Outra referência na área, o economista Ricardo Paes de Barros, defende uma espécie de revolução na identificação e no acompanhamento dos mais pobres, com a utilização de uma ampla estrutura que já existe, como os dados do Cadastro Único e os centros de assistência social (Cras e Creas) espalhados em 95% dos municípios do país —que poderiam fazer o corpo a corpo para identificar famílias mais vulneráveis e suas necessidades.
Para Laura Muller Machado, professora do Insper e ex-secretária de Desenvolvimento Social do governo paulista, o Estado brasileiro precisa fazer uma espécie de ”match” com os mais pobres para identificar e atender suas demandas mais urgentes. O principal objetivo, diz, deveria ser a interrupção do atual ciclo de pobreza intergeracional, que leva filhos de pais pobres a se tornarem, no futuro, pais de filhos pobres.
O Brasil gasta cerca de 25% do PIB (R$ 2,2 trilhões) na área social, incluindo saúde, educação e Previdência, entre outros. Enquanto vigorou, o Bolsa Família consumia pouco mais de 0,5% do PIB (cerca de 43,5 bilhões a preços de 2021), sendo bem-sucedido por conta da focalização.

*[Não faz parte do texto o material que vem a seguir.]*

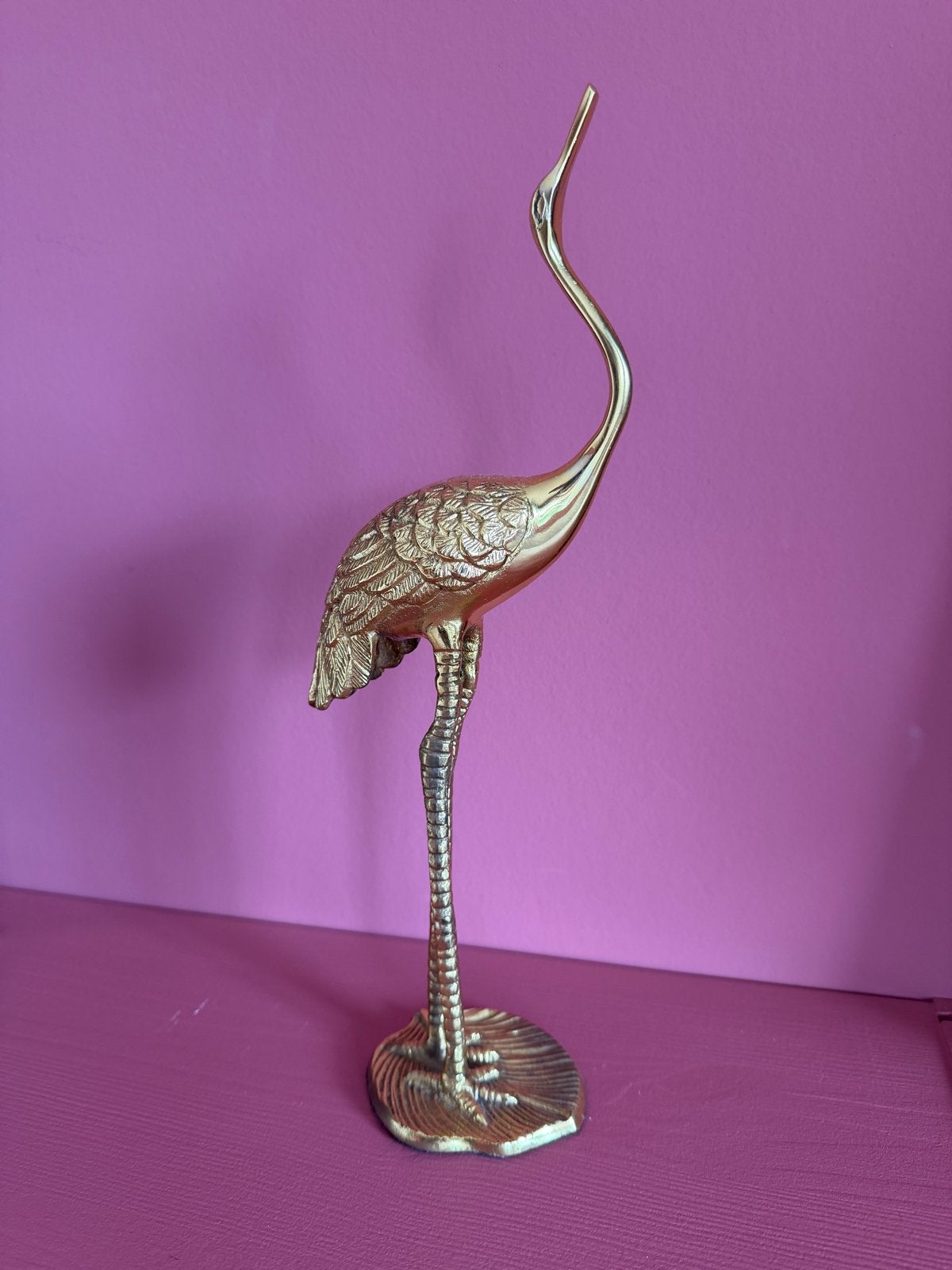 Vintage Messing Kraanvogel Beeldje Decoratie, Ophalen of Verzenden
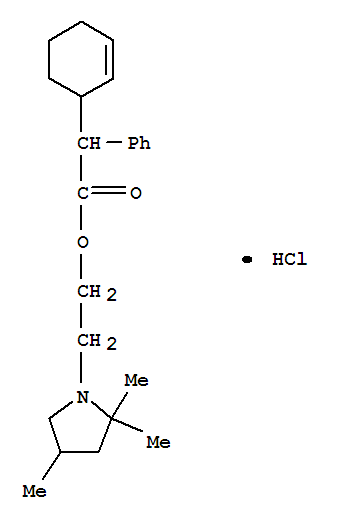 Benzeneacetic acid, a-2-cyclohexen-1-yl-,2-(2,2,4-trimethyl-1-pyrrolidinyl)ethyl ester, hydrochloride (1:1)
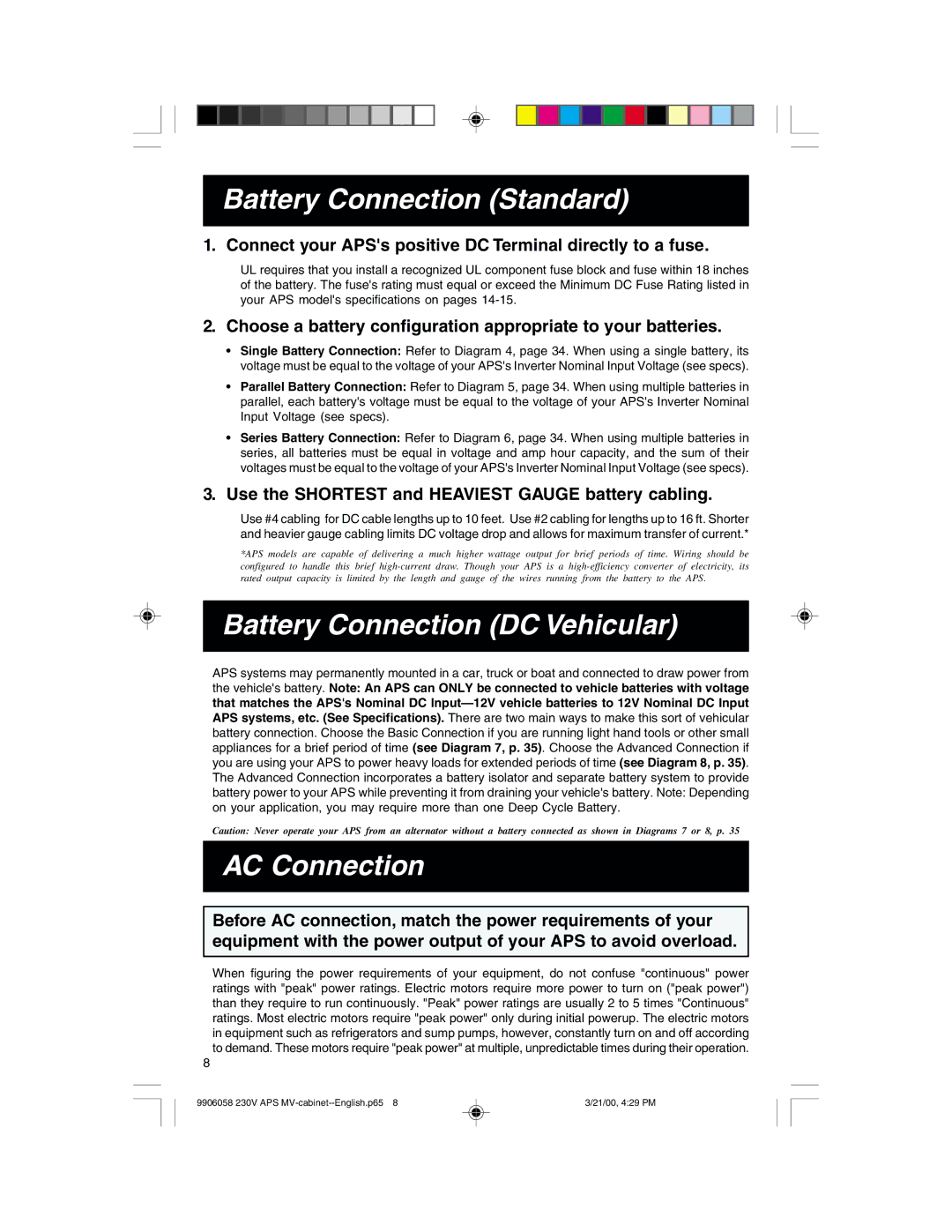 Tripp Lite APS2012INT, APS1024INT, APS2424INT Battery Connection Standard, Battery Connection DC Vehicular, AC Connection 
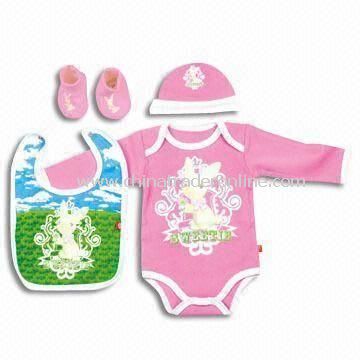 Baby Gift Set, Includes Blanket, Gloves, Shoes and Hat, Made of Cotton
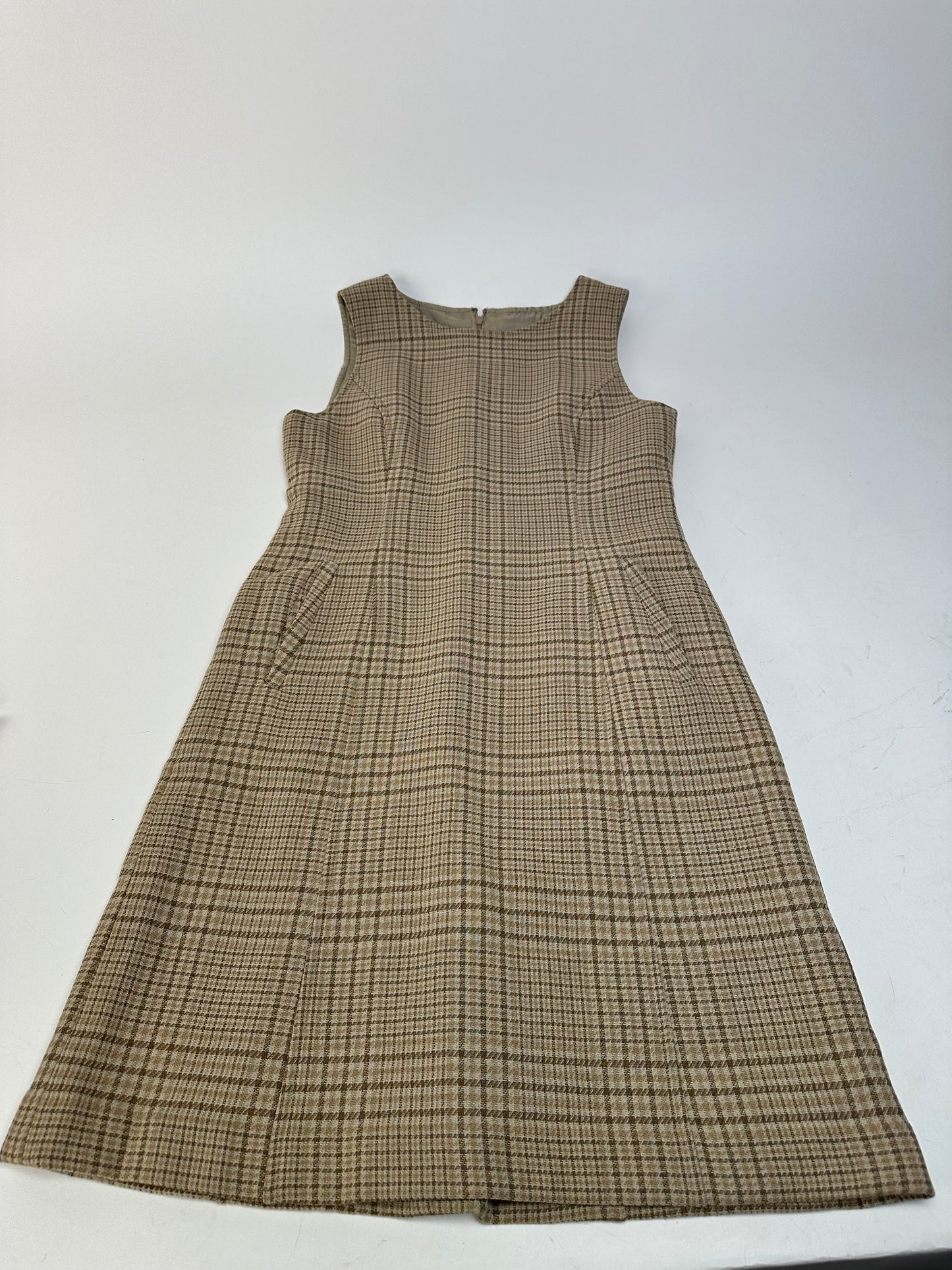 Vintage Dior Wool Checked Dress M Beige Brown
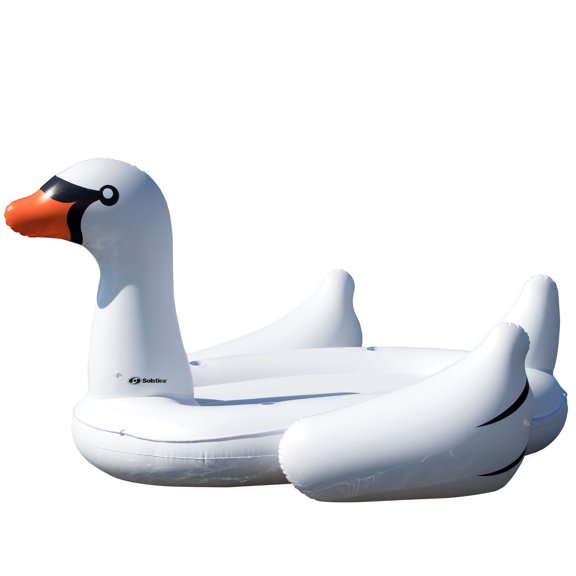 Swimline Giant Swan Inflatable Ride On Swimming Pool Float Raft Island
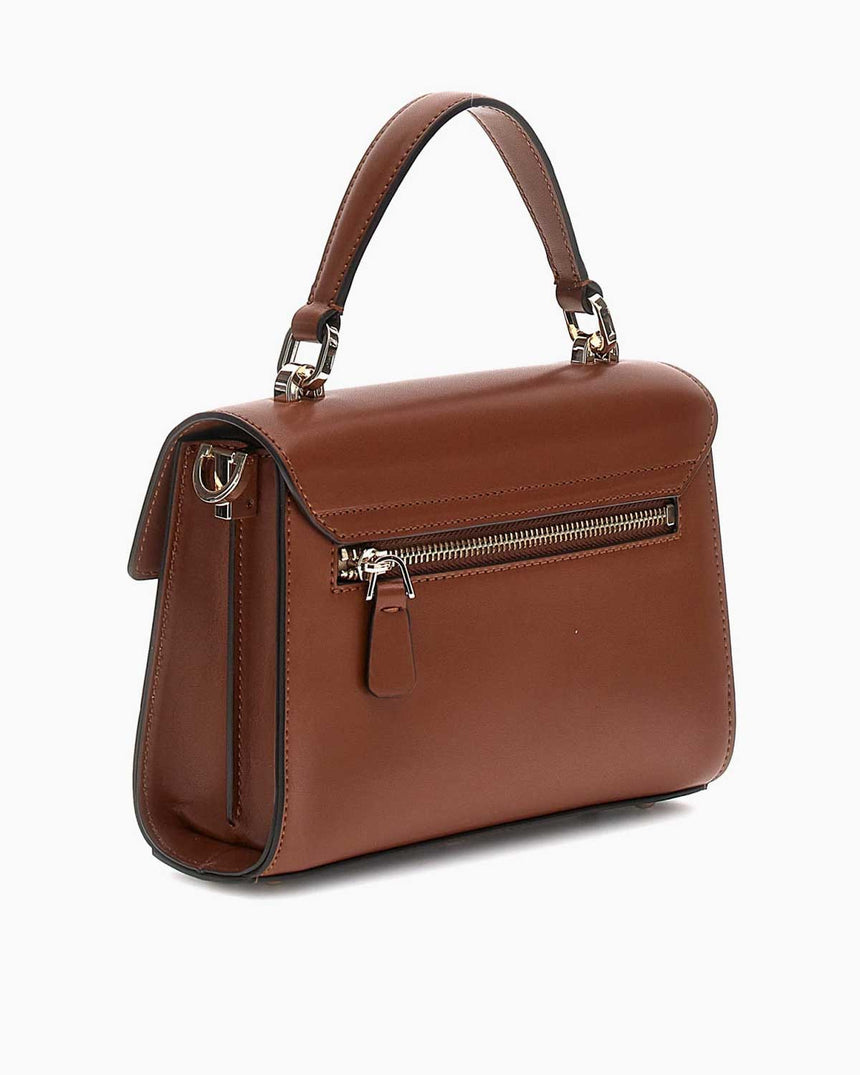 Guess Eco Handle Flap Mini Kapaklı El Çantası Cognac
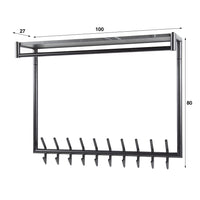 Garderobe Tenaro hoch Kleiderstange und Hutablage 2x10 Haken / 3D Melamin graphite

Barros defende, por exemplo, um programa que chegasse a 1% do PIB (quase R$ 90 bilhões), bem focalizado e que leve em conta as vulnerabilidades de cada família, número de filhos, entre outros fatores. A proposta de Orçamento de 2023 para o Auxílio Brasil prevê R$ 105,7 bilhões a 21,6 milhões de famílias. Nela, o valor médio do benefício seria de R$ 405,21. Para chegar aos R$ 600 que Lula e Bolsonaro prometeram, seriam necessários mais R$ 51,8 bilhões, segundo cálculos da Instituição Fiscal Independente (IFI).
No atual formato do programa, o que ocorre é justamente o contrário da focalização. Dados do Ministério da Cidadania publicados pelo jornal Valor Econômico mostram que, de novembro de 2021 a setembro deste ano, as famílias unipessoais passaram de 15,2% do total de beneficiadas para 25,8%, O fato, que não encontra respaldo em mudanças demográficas recentes, sugere que membros de uma mesma família podem estar fazendo cadastros separados para receber mais de um benefício.
Para o economista Naercio Menezes Filho, diretor do Centro Brasileiro de Pesquisa Aplicada à Primeira Infância, o fundamental na construção de um programa social seria colocar uma lupa nas necessidades das famílias, especialmente naquelas com crianças muito novas.
”Para as famílias com crianças pequenas, não adianta só os pais terem o suficiente para comer, mas não para comprar remédio, roupa e as crianças se desenvolverem em um ambiente saudável, em que a mãe tem tempo para conversar e interagir com o filho”, diz Menezes Filho. O risco de o país desperdiçar recursos sem a focalização na primeira infância e na educação é que, quando adultos, essas mesmas crianças acabem, como os pais, dependentes de programas sociais.